Aaaaaaaaaaaaaaaaaa!Some nutjob collected every episode of this polished turd on VHS tapes, which must have suffered heavy bit-rot in a dark closet next to a power station for ten years before said nutjob embarked on part two of his fiendish plot, which was to vid-cap them all to badly compressed digital files and chuck them up onto the internet. Like a hapless goon I blundered across the Bittorrent archive, and downloaded the whole stinking collection -- 39 episodes -- to my work machine overnight.
Someday we will find
The cities of gold!
[ repeat ]
It is the destiny of archives like these to languish. So it languished on my personal hard drive for about a year before I suffered an acute seizure of poor judgement and started browsing the episodes, skipping around in the series like one might poke at a malodorous guttersnipe with a long stick - morbidly curious, vaguely ashamed at the activity, yet unable to stop until some response is evoked.

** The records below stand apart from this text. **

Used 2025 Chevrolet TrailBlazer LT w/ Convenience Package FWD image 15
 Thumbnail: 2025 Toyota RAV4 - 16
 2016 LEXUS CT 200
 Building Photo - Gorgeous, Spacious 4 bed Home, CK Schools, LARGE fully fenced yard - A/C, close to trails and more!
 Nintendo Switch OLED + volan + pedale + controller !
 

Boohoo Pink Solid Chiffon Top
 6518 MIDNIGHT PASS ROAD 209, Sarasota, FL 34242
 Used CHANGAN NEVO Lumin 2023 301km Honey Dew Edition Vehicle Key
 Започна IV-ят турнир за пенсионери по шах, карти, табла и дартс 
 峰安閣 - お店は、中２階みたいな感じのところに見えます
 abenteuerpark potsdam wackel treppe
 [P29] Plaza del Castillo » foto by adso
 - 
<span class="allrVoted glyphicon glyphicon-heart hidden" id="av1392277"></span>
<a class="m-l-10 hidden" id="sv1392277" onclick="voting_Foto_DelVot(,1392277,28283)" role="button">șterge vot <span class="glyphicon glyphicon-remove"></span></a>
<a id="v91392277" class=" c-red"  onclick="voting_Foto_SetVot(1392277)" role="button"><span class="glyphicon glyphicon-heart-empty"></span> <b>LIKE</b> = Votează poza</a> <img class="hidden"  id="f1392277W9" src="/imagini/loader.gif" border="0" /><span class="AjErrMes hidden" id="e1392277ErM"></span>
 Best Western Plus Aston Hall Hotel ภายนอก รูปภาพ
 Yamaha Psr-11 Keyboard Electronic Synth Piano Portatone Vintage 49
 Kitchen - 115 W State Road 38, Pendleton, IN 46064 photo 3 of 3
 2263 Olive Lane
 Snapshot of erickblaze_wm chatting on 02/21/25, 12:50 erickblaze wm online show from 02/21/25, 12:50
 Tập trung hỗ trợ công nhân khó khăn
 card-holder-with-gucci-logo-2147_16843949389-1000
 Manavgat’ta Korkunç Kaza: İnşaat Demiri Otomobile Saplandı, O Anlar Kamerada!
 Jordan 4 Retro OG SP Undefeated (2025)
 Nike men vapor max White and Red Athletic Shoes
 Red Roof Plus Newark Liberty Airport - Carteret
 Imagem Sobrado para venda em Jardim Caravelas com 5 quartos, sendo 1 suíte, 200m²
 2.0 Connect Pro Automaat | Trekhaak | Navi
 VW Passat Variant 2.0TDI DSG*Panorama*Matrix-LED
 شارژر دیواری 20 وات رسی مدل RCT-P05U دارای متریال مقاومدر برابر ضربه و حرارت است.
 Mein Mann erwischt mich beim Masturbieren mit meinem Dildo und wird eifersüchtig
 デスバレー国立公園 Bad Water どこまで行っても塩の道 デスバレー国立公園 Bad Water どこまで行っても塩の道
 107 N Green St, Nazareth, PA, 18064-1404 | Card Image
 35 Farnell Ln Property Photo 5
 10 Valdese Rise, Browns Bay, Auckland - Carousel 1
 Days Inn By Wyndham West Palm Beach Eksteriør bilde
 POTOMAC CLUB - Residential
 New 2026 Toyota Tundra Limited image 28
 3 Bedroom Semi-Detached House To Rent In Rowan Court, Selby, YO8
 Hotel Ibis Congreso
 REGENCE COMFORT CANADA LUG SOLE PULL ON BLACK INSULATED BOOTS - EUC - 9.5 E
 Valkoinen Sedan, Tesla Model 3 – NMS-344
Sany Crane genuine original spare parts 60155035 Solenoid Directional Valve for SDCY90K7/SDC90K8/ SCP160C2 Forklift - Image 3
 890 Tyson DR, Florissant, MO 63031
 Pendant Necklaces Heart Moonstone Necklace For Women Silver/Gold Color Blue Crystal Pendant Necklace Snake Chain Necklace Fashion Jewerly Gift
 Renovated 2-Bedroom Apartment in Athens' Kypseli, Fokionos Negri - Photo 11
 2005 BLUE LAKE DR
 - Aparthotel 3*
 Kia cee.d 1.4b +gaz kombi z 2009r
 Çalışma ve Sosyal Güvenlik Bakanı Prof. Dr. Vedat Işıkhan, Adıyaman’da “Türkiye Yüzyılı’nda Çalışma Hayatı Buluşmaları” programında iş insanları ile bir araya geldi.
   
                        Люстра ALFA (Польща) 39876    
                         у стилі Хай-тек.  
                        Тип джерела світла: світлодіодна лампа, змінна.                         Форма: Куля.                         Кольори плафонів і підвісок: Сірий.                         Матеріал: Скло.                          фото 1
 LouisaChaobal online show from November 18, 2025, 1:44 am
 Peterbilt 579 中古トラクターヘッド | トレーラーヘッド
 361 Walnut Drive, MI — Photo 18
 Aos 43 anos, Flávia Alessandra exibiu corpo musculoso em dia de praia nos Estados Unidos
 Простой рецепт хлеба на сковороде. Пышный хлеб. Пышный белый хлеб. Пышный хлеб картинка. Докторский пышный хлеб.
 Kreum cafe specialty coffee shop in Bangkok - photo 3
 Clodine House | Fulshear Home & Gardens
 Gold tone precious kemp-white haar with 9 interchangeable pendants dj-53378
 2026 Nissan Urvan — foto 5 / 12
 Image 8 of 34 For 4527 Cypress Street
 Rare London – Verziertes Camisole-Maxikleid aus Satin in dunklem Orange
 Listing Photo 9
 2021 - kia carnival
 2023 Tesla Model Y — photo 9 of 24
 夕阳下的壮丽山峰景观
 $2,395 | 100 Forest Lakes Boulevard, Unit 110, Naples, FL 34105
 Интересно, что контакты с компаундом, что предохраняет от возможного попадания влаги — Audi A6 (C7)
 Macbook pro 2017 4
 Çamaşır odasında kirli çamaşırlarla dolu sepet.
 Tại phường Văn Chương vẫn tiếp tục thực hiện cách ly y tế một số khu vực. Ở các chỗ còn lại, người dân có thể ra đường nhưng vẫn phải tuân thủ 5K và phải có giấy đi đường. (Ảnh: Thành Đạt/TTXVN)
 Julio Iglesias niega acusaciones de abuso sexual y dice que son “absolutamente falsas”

What did the cartoon evoke? Memories of sunny afternoons, pencil-and-paper homework assignments, and junk food. I recall experiencing a sharp interest in what the next episode would reveal, and whether the three child protagonists would ever actually locate the fabled city, or just keep tooling around South America in their giant golden condor-bot. Looking at the show with adult eyes, I make different observations, of course: The animation is herky-jerky, the music is shrill and repetitive, and the plot seems to bear a grudge against common sense - when it's not busy brutalizing history or being stridently racist. The biggest question I found myself asking at the end of my sordid plunge into the archive was this: How could I have been so captivated by such a god-awful cartoon?
And yet, my thirst for bad television had not been slaked. So I pulled something else out of the archives: "The Chronicles of Riddick".
This is a movie with something to say. It's saying, "I really really wish I was Dune!" Unfortunately, all it can pull off is the motif. For those of you unfamiliar with the David Lynch movie adaptation of "Dune" way back in 1984, the motif was essentially LeSabres In Space. The production designers grafted that onto this Riddick film, in order to conceal its badness. It's not science fiction at all - though at the least, it did involve a lot of computers, to accurately render every spacefaring LeSabre, Wurlitzer, and Frigidaire. Plus there are zombies in diving suits with Playstation joypads growing out of their butts. They're used as bloodhounds by the bad guys, ... because using regular bloodhounds wouldn't be ... uh ... science-fictiony.
Yeeeah. So then I made a big mistake: I went to bed. I had a dream that an evil gang of goth stormtroopers was using a joypad-enabled zombie in a diving suit to navigate the busy streets of 15th-century London, in search of the entrance to the Mysterious Cities of Gold. I played the part of a young boy, whose spirit was concealed from harm inside a robot butler. I had a necklace that would unlock the doors to the ancient city, when combined with the matching necklace that my sister wore. She, too, was concealed from the bad guys, by having her spirit transferred into the family dog. We both lived in tiny houses on top of long flimsy poles that swayed in the wind. I was first to leave my house, sliding down the pole with my metal robot hands, and I was the first to locate the evil stormtrooper gang. I lobbed a grenade at their pathfinding zombie and he exploded into confetti bits, but then the bits began to whirl back together. How could I stop the wicked gang? By having a diving contest with my family members, who lived at the top of a treehouse! Of course.
Apparently the media was too bad even for my subconscious to handle, so it promptly crapped it into my dreams. Lesson learned: No bad TV before bedtime.